The kind of stimulus used by Navon (1977) to demonstrate the importance of global features in perception.

as the one shown in Figure 4.2. In one of his studies, participants had to decide as rapidly as possible on some trials whether the large letter was an "H" or an "S"; on other trials, they had to decide whether the small letters were Hs or Ss. Performance speed with the small letters was greatly slowed when the large letter was different from the small letters. In contrast, decision speed with the large letter was unaffected by the nature of the small letters. According to Navon (1977, p. 354), these findings indicate that, "perceptual processes are temporally organised so that they proceed from global structuring towards more and more fine-grained analysis. In other words, a scene is decomposed rather than built up."

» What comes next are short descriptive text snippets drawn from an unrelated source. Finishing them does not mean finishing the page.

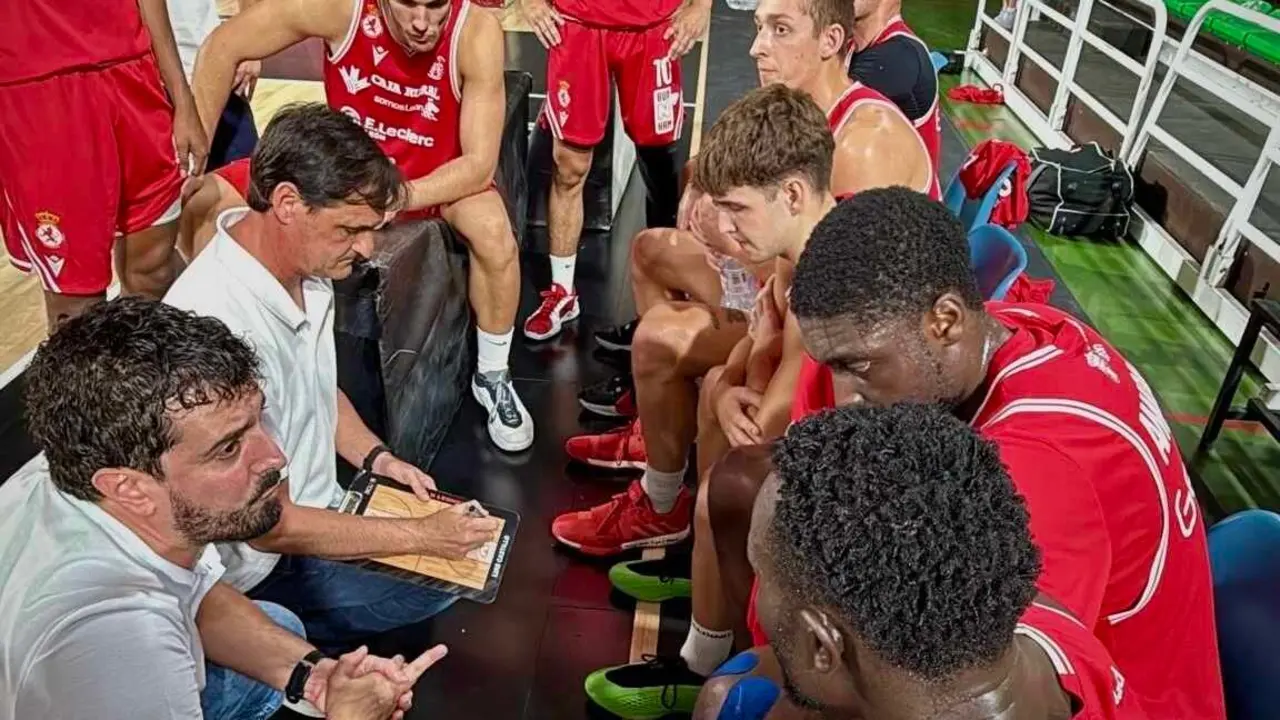 Luis Castillo da instrucciones a sus jugadores durante un partido.
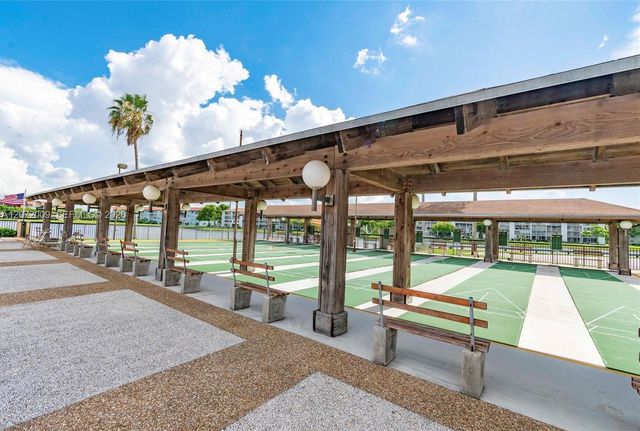 251 SW 132nd Way 208H, Pembroke Pines, FL 33027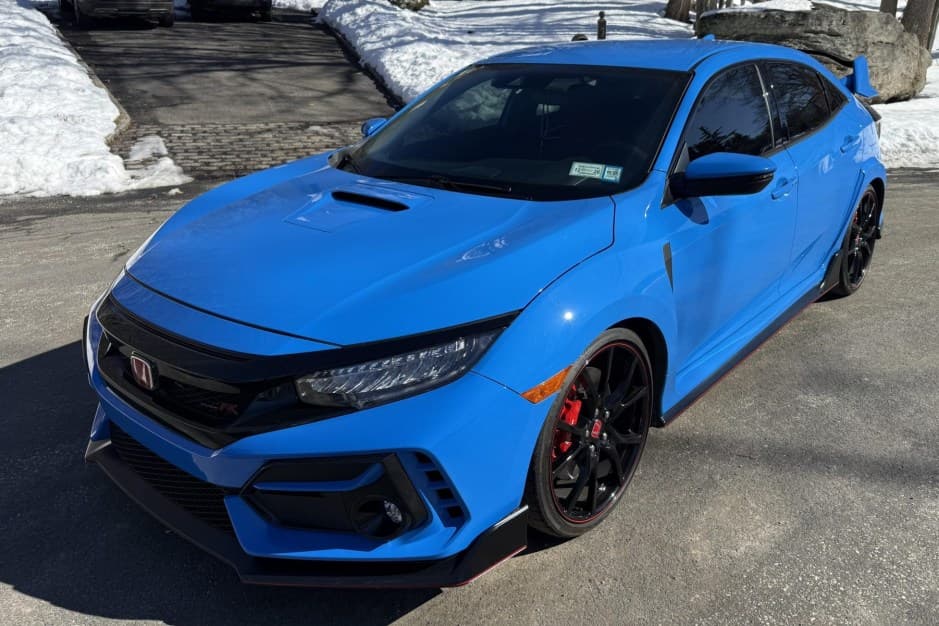 2020 Honda Civic Type R sold for $30,277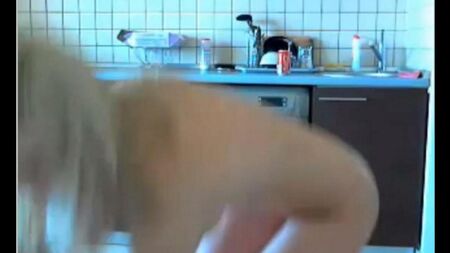 若い人はビデオチャットでヴァージンを自慰します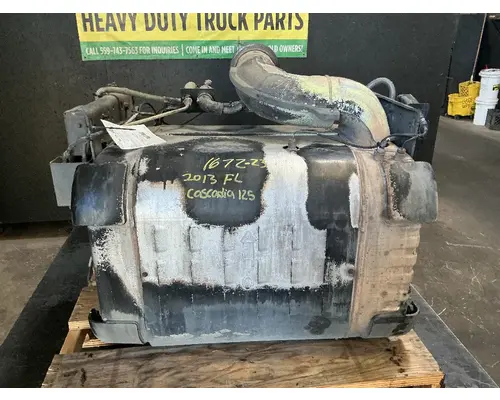 FREIGHTLINER Cascadia 125 DPF (Diesel Particulate Filter)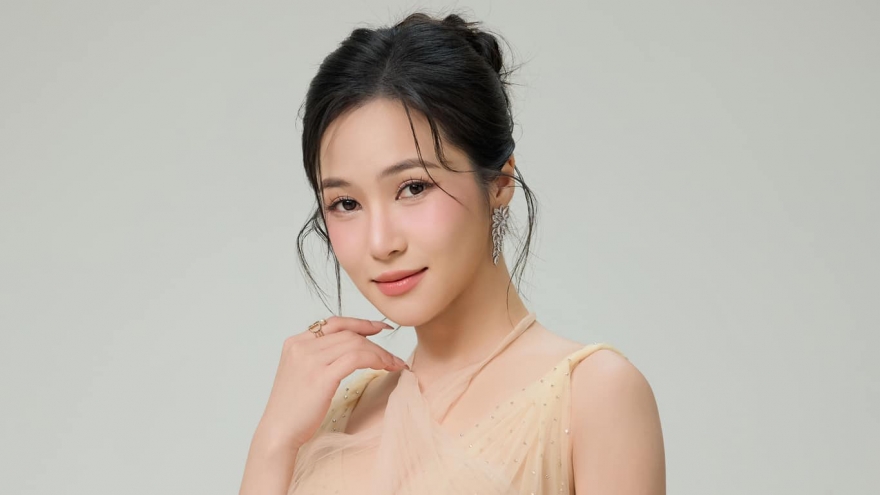 Sao Việt 16/3: Hương Tràm thăng hạng nhan sắc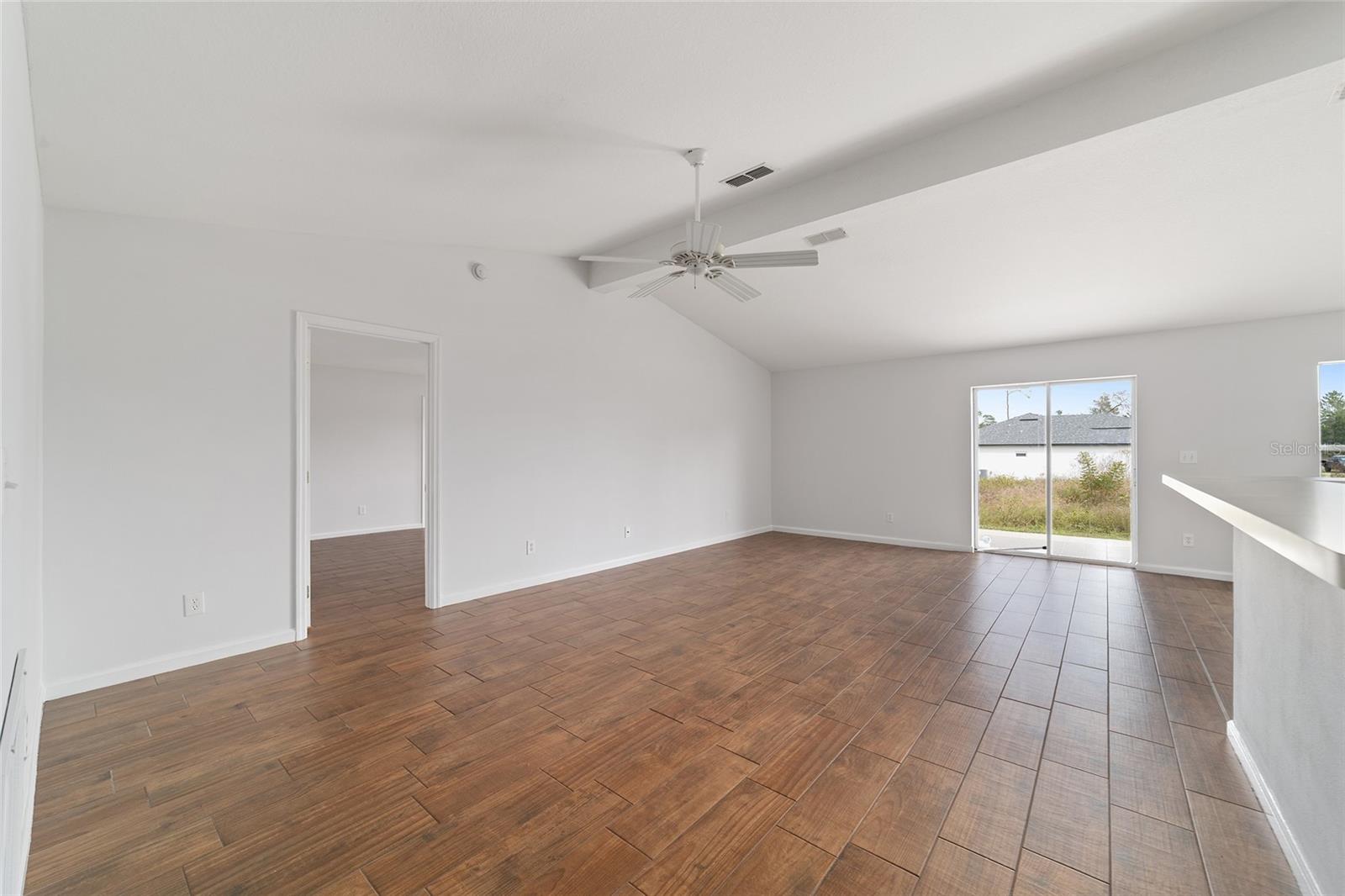 MARION OAKS - Residential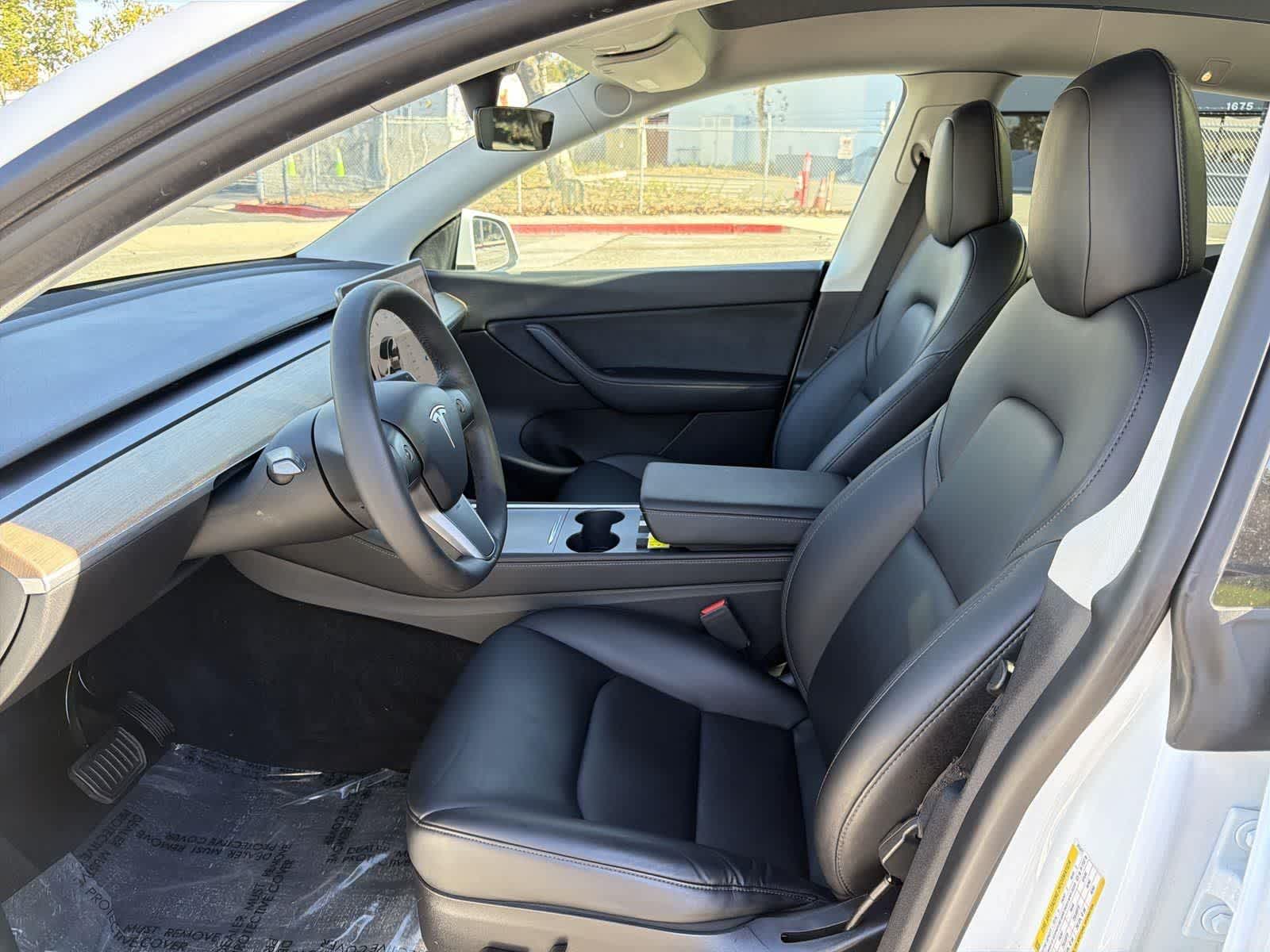 Thumbnail: 2022 Tesla Model Y - 24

Some of the available evidence is inconsistent with Navon's conclusion. Kinchla and Wolfe (1979) used stimuli of a similar nature to those of Navon (1977), but of variable size. When the large letter was very large, processing of the small letters preceded processing of the large letter. They argued that global processing occurs prior to more detailed processing only when the global structure of a pattern or object can be ascertained by a single eye fixation.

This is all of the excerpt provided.